O veículo, do tipo Centurion, é utilizado para lançar bombas de gás e outros materiais de dispersão de multidão. Contudo, de acordo com as imagens, ele não atuou para conter as centenas de golpistas bolsonaristas. Após cerca de 12 minutos da gravação, sem resistência, os manifestantes ultrapassam a barreira. As imagens mostram ainda alguns policiais militares observando a movimentação sem agir.
Já de frente ao Supremo, as imagens captaram os manifestantes arrancando os gradis e começando a quebrar as vidraças. Nesse momento, foram repreendidos por poucos agentes da Polícia Judicial, que utilizou bombas de gás e munição não letal para barrar os manifestantes por cerca de 40 minutos. Os vídeos mostraram que os manifestantes reagiram à resistência policial e tentaram tirar satisfações com os policiais judiciais.
A Pública apurou, entretanto, que após a percepção de que não seria possível proteger o prédio principal do STF dos manifestantes, a Polícia Judicial recuou e decidiu impedir a entrada dos mesmos aos anexos, onde ficam os gabinetes dos ministros.
Após a retirada das forças de segurança do prédio principal, os vídeos mostram que os manifestantes puderam andar calmamente pelo ambiente e não encontraram resistência para destruir o patrimônio público. Além de danificarem obras de arte, os golpistas quebraram câmeras de segurança — é assim que termina a maior parte dos vídeos gravados no circuito interno — e houve ainda tentativas de atear fogo ao prédio.
Como demonstração de transparência, a Pública divulga na íntegra e sem cortes todas as imagens até agora divulgadas pelo STF, Planalto e Congresso Nacional em nosso canal do Youtube. No caso do STF, são 23 vídeos de câmeras internas e externas, além de imagens, que foram disponibilizadas pela corte — parte dos vídeos segue em sigilo.

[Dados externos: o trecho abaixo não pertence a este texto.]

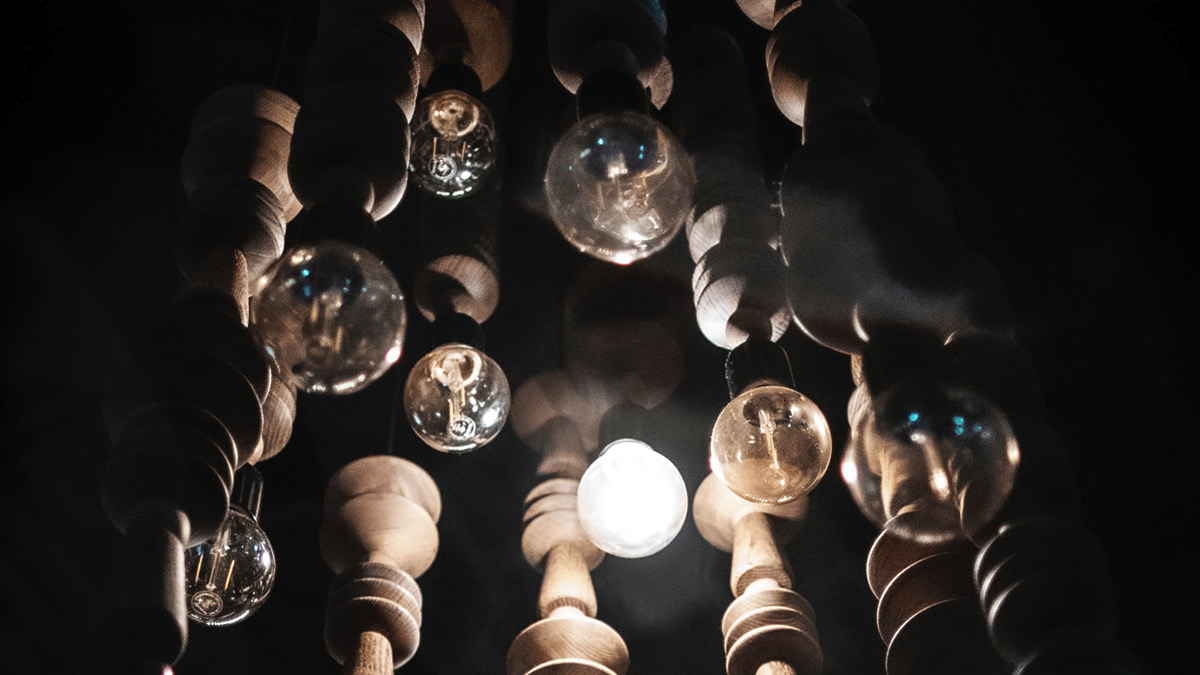 Drive innovation if you want to survive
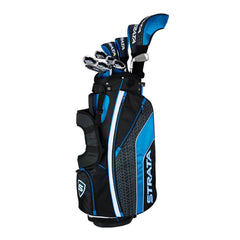 Callaway Strata Ultimate Golf Set (With Offer)
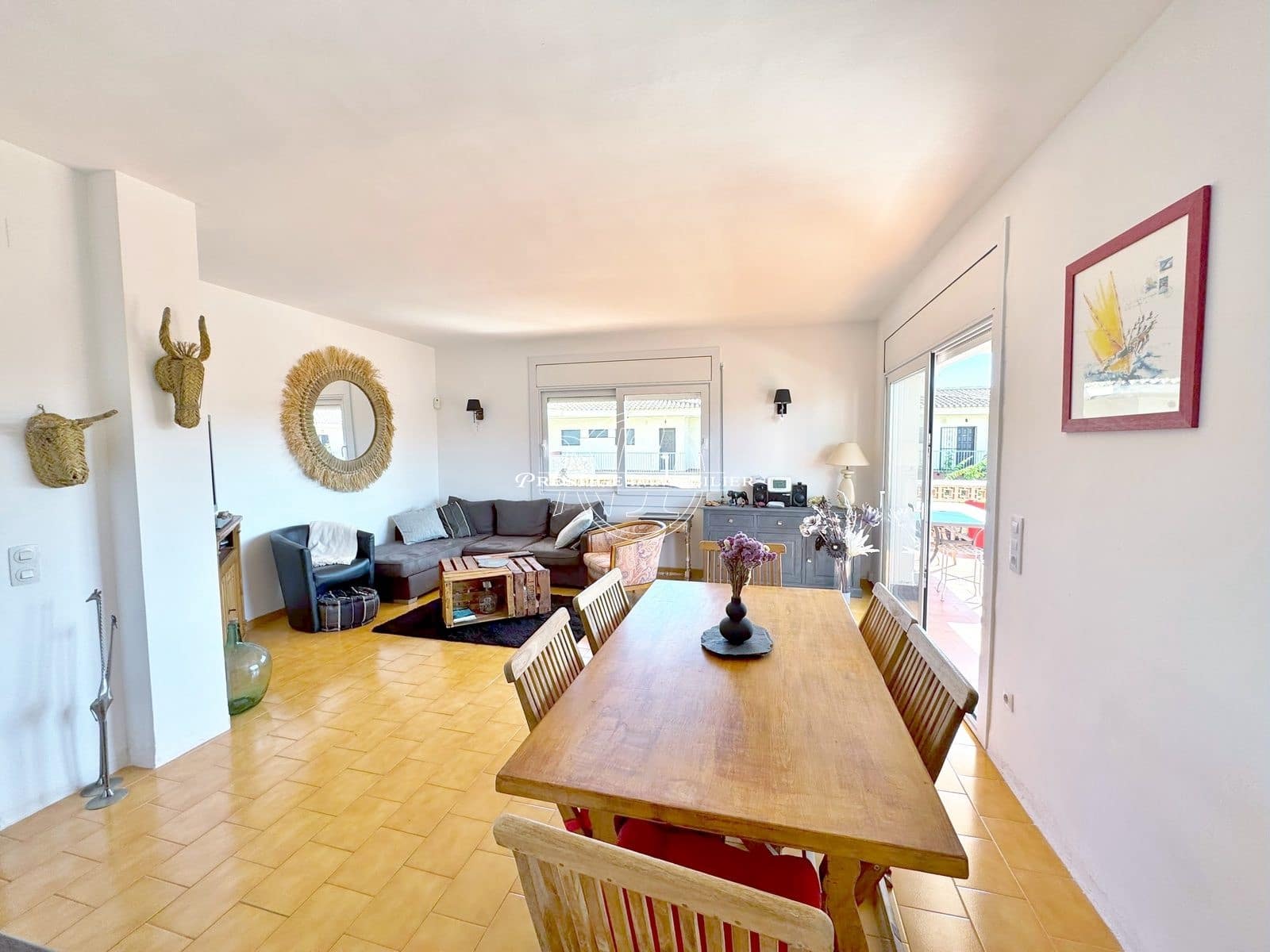 3 bedroom Apartment for sale in Empuriabrava - € 319,000 (Ref: 9263609)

Horas antes da disponibilização das imagens, a Pública revelou que o STF estava se amparando em uma resolução interna para não ceder o acesso às imagens via Lei de Acesso à Informação. A reportagem recorreu ao pedido, já que a resolução interna não pode ter mais força do que a Lei Federal. Pouco depois parte dos vídeos foi cedida à imprensa.
PM, Polícia Judicial e até PF foram acionadas durante a invasão
A Agência Pública ouviu diversas críticas à atuação da PM por interlocutores que circulam no STF, como a existência de uma suposta “falta de comando” nas tropas. A reportagem também ouviu relatos que apontaram que os policiais militares que estavam na Praça dos Três Poderes não agiram ativamente para proteger os prédios, tendo supostamente ficado parados enquanto os manifestantes ocupavam mais espaço e se aproximavam. Algumas imagens mostram cenas parecidas às relatadas.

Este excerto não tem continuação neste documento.